The kids and I all sat on the floor around our Passover feast of a rotisseire chicken (lamb was too complicated), radishes (horseradishes were too hot), salty water and spinach (I forgot the parsley), and toasted naan bread (which still contained some yeast, but looked pretty flat to us and we all liked it).
We got to the part in the Haggadah reading of the plagues. In order to make it personal I mentioned, "So, Skyler would have been dead in the morning if we didn't put blood on our doorposts."
"Would you have put blood on the door?" He asked, worried.
"Of course!" We assured him.
I was struck with a sudden connection I hadn't seen before in the story.
"What is coming up this weekend?"
After a few guessing tries (Spring Break, Grandma's Birthday, Easter) the kids found the answer I was looking for, General Conference.
"What if President Monson asked us to put lamb's blood on our doors?" Everyone quickly agreed they would do it.
I asked if they thought he would.

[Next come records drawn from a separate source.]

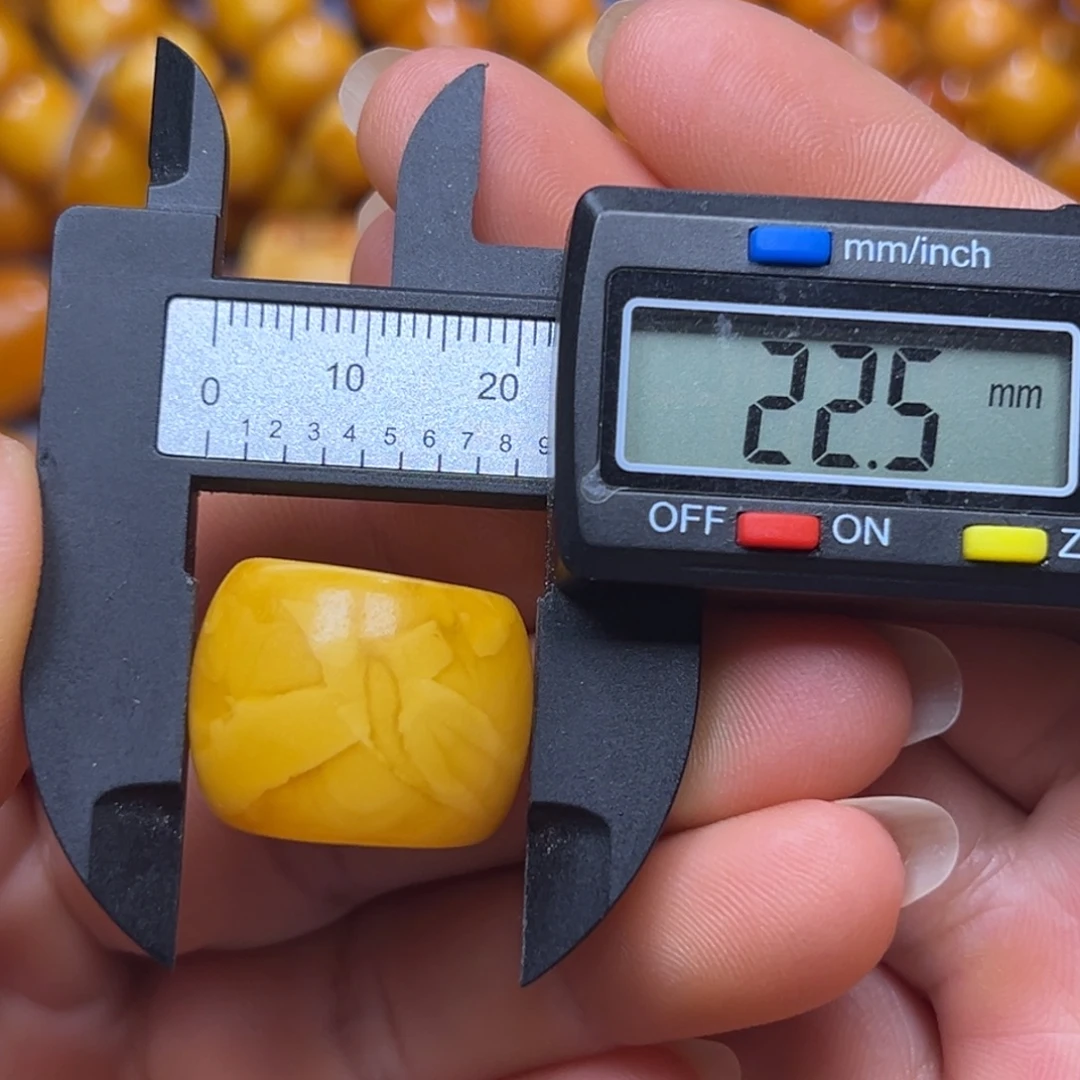 琥珀未镶嵌吊坠(不含链)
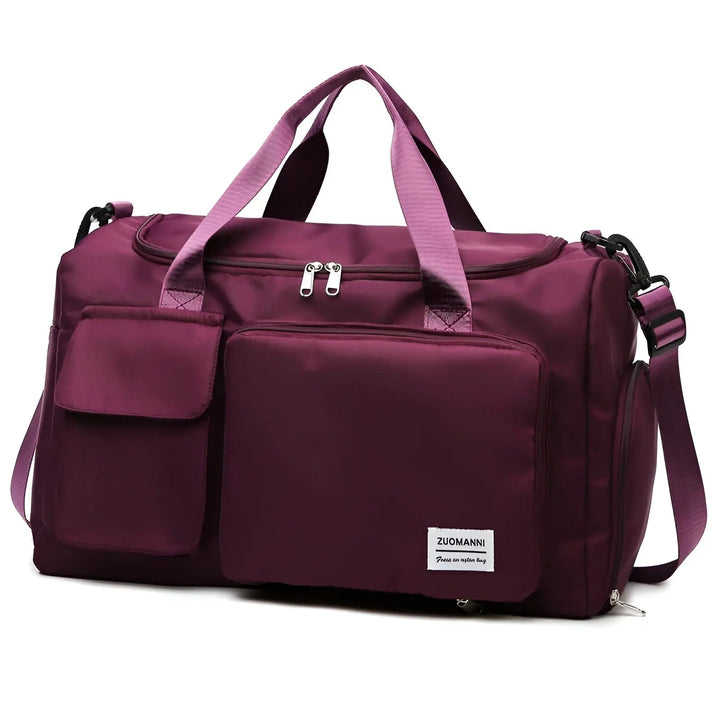 Sac unisexe élégant pour voyage ou sport, grand et étanche, un accessoire indispensable.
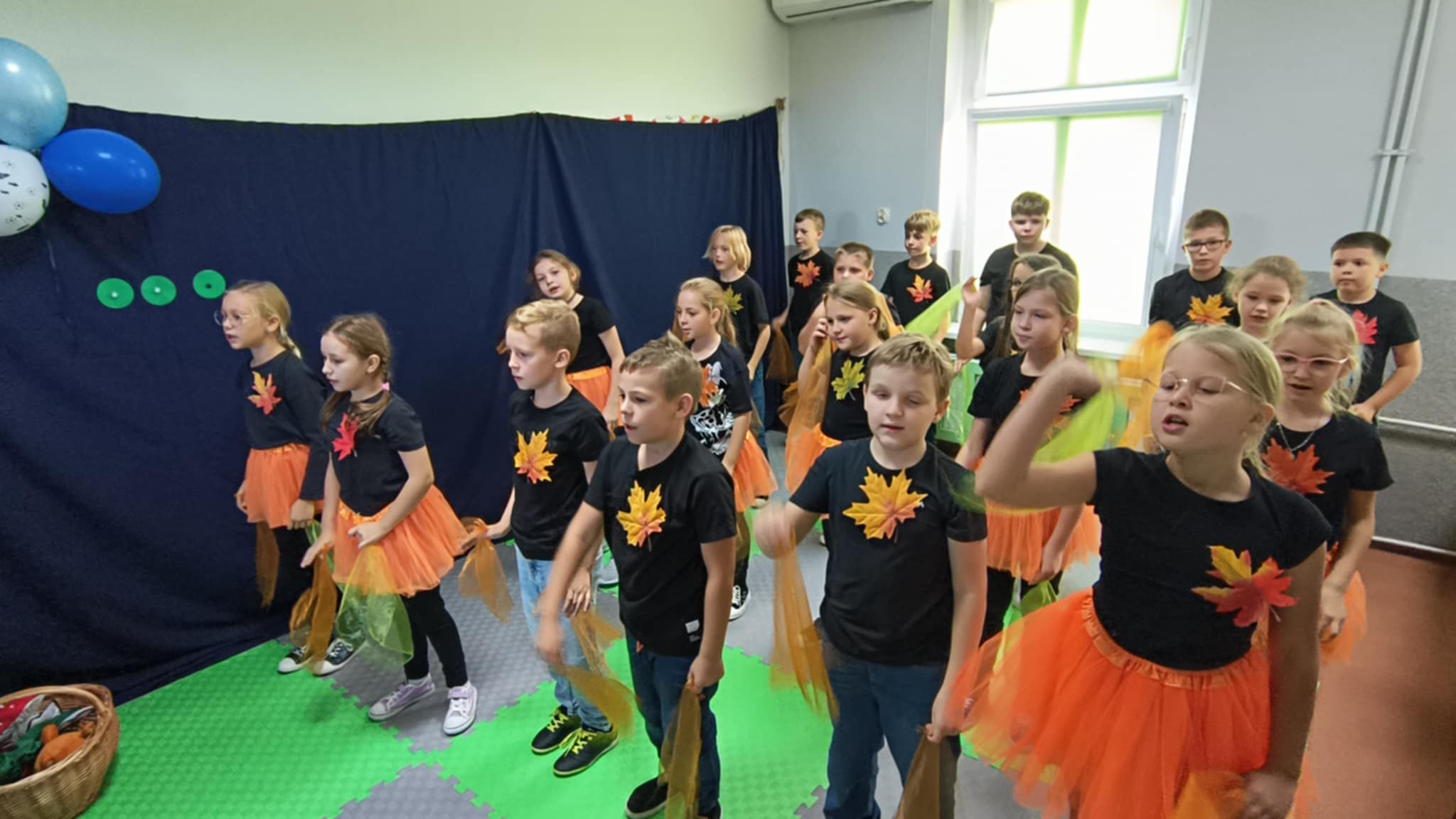 Jesienne spotkanie Przysz�a Jesie� do Przedszkola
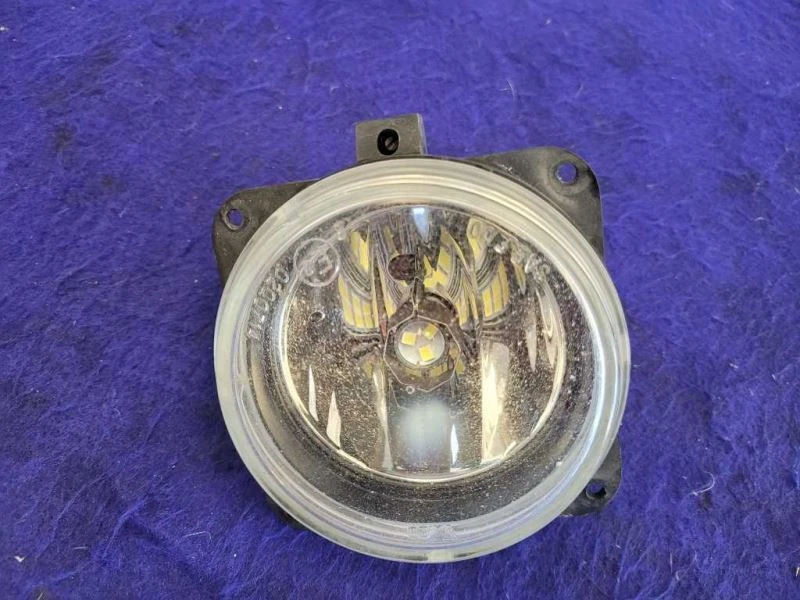 2003-2004 Ford Mustang Cobra SVT DOHC 4.6L Front Lower Fog Light Lamp Bulb  - Image 1 of 4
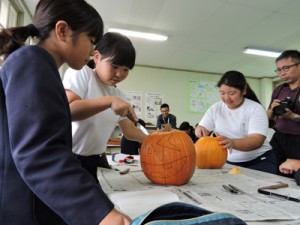 カボチャランタンを作る子どもたち＝３０日、早町小学校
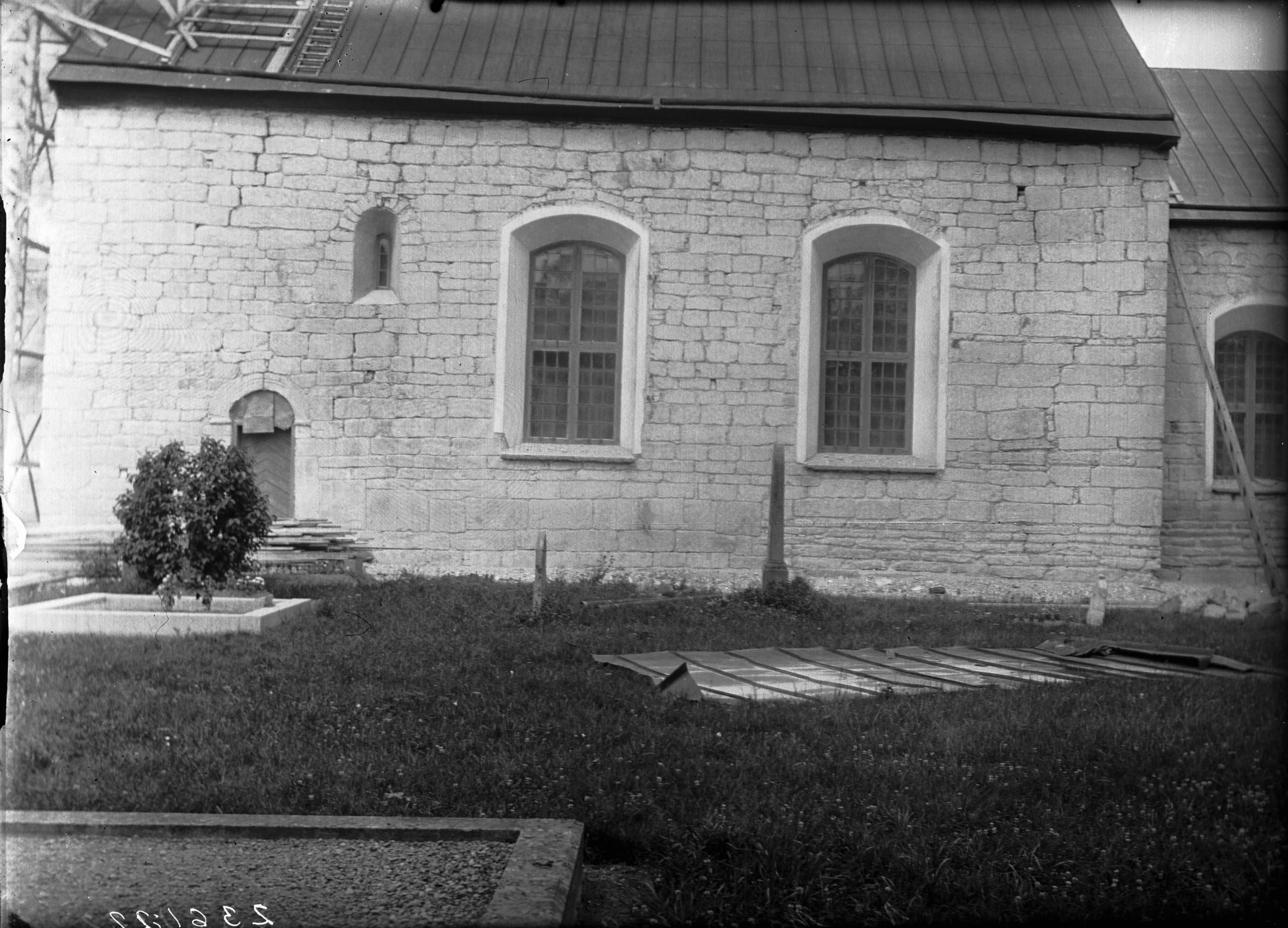 Bertil Waldén, Mosjö kyrka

We discussed what other things he might be warning us about and asking us to do that might be just as important as marking our doorposts with blood.
On Easter, we watched the Exodus movie. We had to frequently tell Skyler to close his eyes (and he'll probably be sleeping in our room for months) and assure the kids that God didn't look like a boy of 10, but when the lamb's blood on the doorpost part came, we realized we had been wrong. It wasn't the youngest boy, it was the oldest.
Davis looked up in fear. "Would you have put blood on the doors?"
"We would have smeared as much blood as we possibly could all over those door posts and over door to make sure you were safe." I assured him and tucked him in closer to me as we watched the destroying darkness come over Egypt, taking all the first born sons.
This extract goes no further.